» **Brief**
If pictures appear in the lines below, skip them and copy exactly the lines from the one containing "Νέας σχεδίασης κεφαλή" through the one containing "TOPAMX Potting Bench with Hutch", and nothing else.

» **Given records**
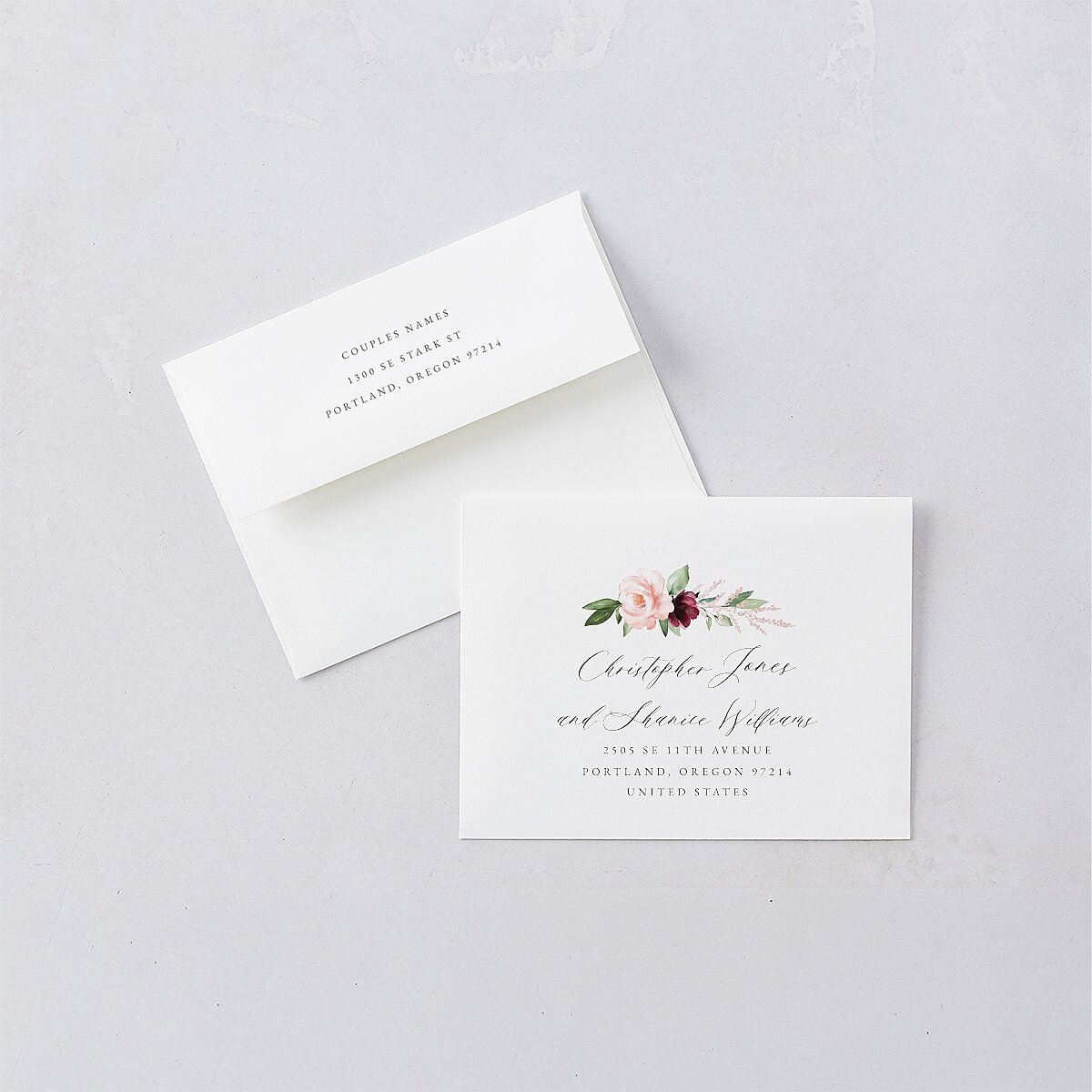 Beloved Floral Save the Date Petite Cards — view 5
==
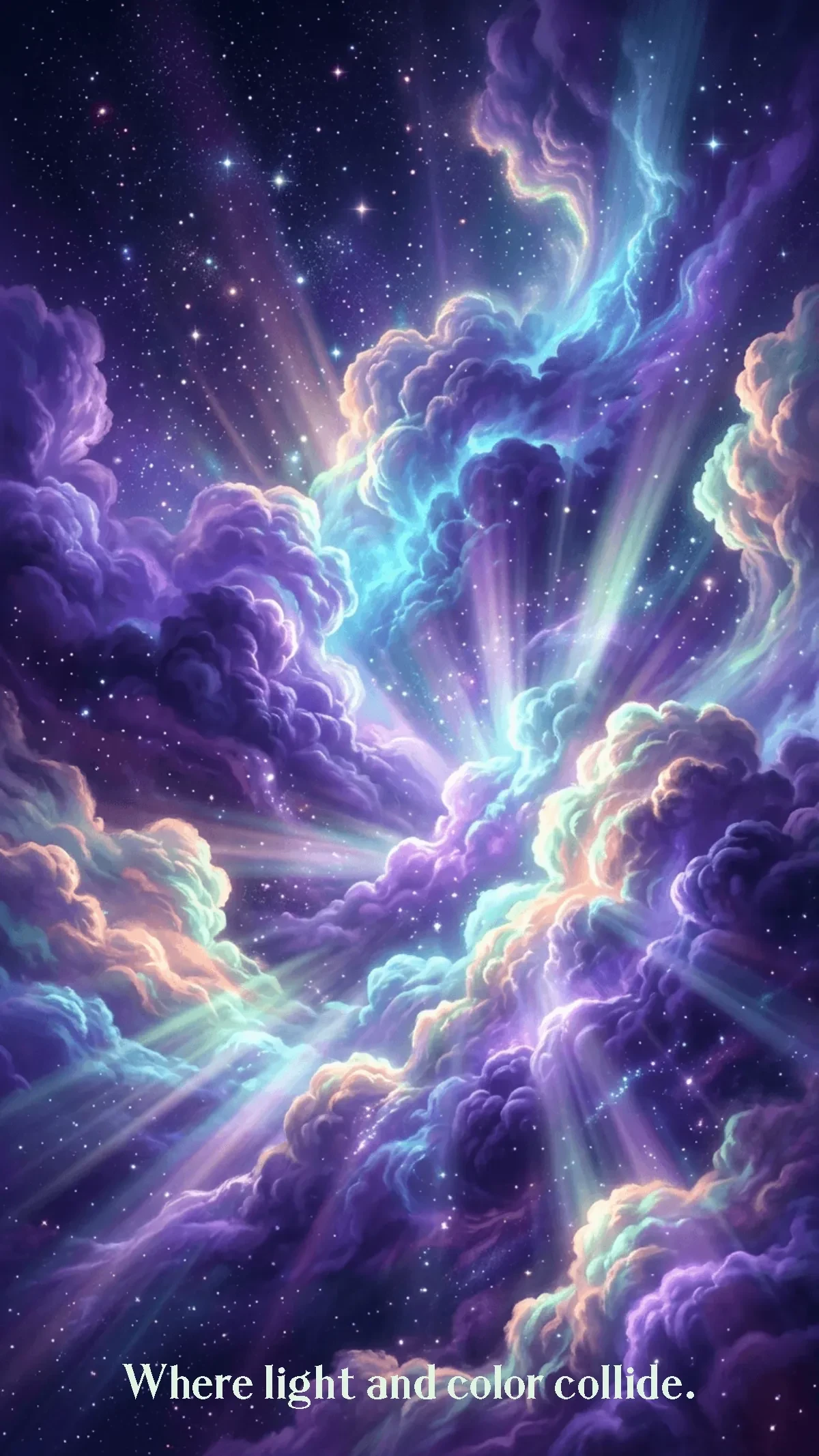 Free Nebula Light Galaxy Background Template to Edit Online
* * *
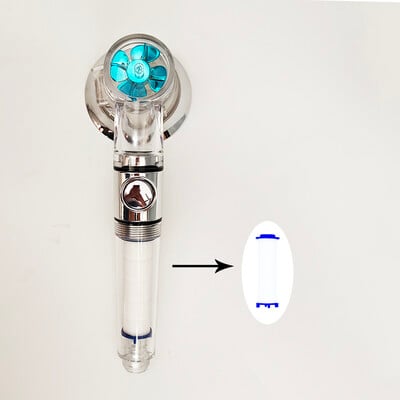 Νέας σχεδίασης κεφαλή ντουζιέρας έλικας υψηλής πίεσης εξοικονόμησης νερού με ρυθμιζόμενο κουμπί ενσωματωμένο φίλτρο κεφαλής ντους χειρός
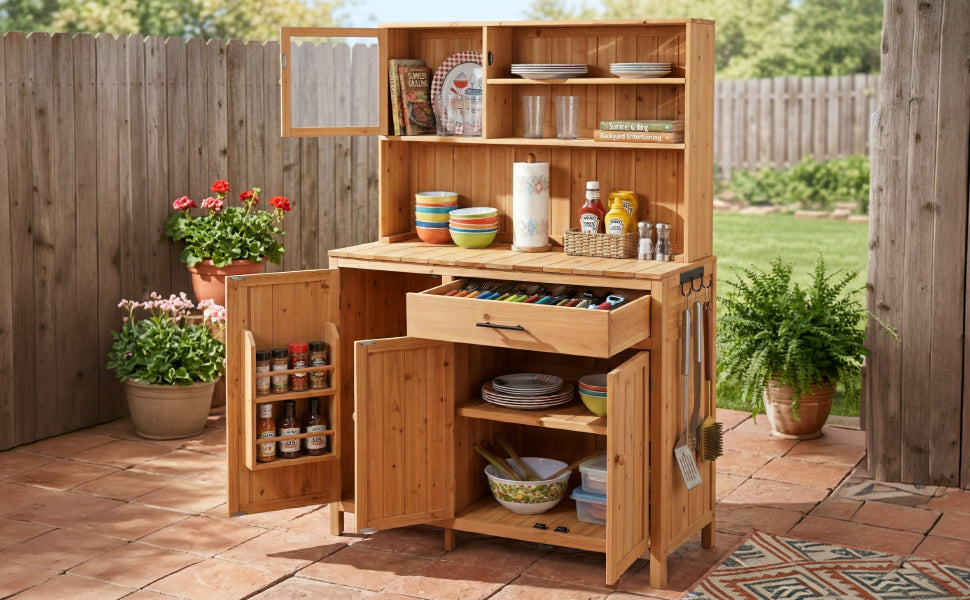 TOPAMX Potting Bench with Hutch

» **Task response**
 Νέας σχεδίασης κεφαλή ντουζιέρας έλικας υψηλής πίεσης εξοικονόμησης νερού με ρυθμιζόμενο κουμπί ενσωματωμένο φίλτρο κεφαλής ντους χειρός
 TOPAMX Potting Bench with Hutch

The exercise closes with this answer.